It wasn't because she "couldn't stand" the politics at the state level, it was because she wasn't wealthy enough to play the game.
Yeah, Tricky, there were lots of people dedicated to finding illegitimacy with other politicians' children.
Oh, wait...
Like John Edwards?
An important part is that John Edwards's case was true Regardless, there are no mainstream political bloggers out there flogging the dead horse of illegitimacy...except for Andrew Sullivan.
Oh, I'm not going to defend Sullivan. That guy is boring and nuts. Does anyone take that guy seriously?
The editors at the Atlantic who keep giving him a pretty prime blog spot do.

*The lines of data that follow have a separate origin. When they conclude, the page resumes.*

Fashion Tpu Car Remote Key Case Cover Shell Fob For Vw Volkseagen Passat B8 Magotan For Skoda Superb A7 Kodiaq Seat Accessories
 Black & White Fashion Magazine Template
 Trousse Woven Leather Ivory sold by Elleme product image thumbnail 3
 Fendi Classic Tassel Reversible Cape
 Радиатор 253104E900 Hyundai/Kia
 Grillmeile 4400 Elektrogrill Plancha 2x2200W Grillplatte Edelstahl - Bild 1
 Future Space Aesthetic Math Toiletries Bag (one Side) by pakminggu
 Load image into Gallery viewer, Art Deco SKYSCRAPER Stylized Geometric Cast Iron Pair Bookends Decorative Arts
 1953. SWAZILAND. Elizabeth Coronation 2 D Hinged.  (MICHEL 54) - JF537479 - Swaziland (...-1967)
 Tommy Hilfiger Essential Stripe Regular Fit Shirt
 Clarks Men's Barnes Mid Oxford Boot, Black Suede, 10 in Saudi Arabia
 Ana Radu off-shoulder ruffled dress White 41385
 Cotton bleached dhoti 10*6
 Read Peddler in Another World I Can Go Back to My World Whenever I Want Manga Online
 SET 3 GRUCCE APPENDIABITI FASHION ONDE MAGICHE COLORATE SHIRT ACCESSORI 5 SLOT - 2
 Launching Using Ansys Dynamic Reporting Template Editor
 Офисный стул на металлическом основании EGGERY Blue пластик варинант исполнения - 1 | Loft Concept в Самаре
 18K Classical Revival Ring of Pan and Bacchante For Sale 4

Not to mention his friends in the administration who refuse to deport him after being charged with a crime, as would happen to your average resident foreigner.
I didn't know that he actually emigrated to the Vermont Republic.
One place where I am a "bad libertarian" is that I do not think the HIV-ban for immigrants should have been lifted.
Wasn't the John Edwards story broken by the National Enquirer?
I think she's not corrupt, and I suppose that makes her stand out somewhat. On policy and typical political pandering, I agree with you, and a trip to her web page quickly confirms that.
John has a valid point, though. She's been singled out for harsh treatment that isn't typical at all, and is not warranted based on her politics. Why is that? She obviously represents some sort of serious threat. What is it?
Another interesting topic of discussion from the same NPR segment: Sara Palin uses a ghost writer for her twitter account. The host questioned, "but don't most politicians have other people post to their twitter and facebook pages?" Then everyone, the host included, agreed that Palin is different and dangerous, and we need to investigate who is writing these posts, and why, and to expose this dangerous activity.
There really must be some pathology at work here.
The best explanation for the left's bizarre Palin obsession is status-anxiety. Status-anxity occurs when a person believes that that their position in a real or imagined social hierarchy is threatened.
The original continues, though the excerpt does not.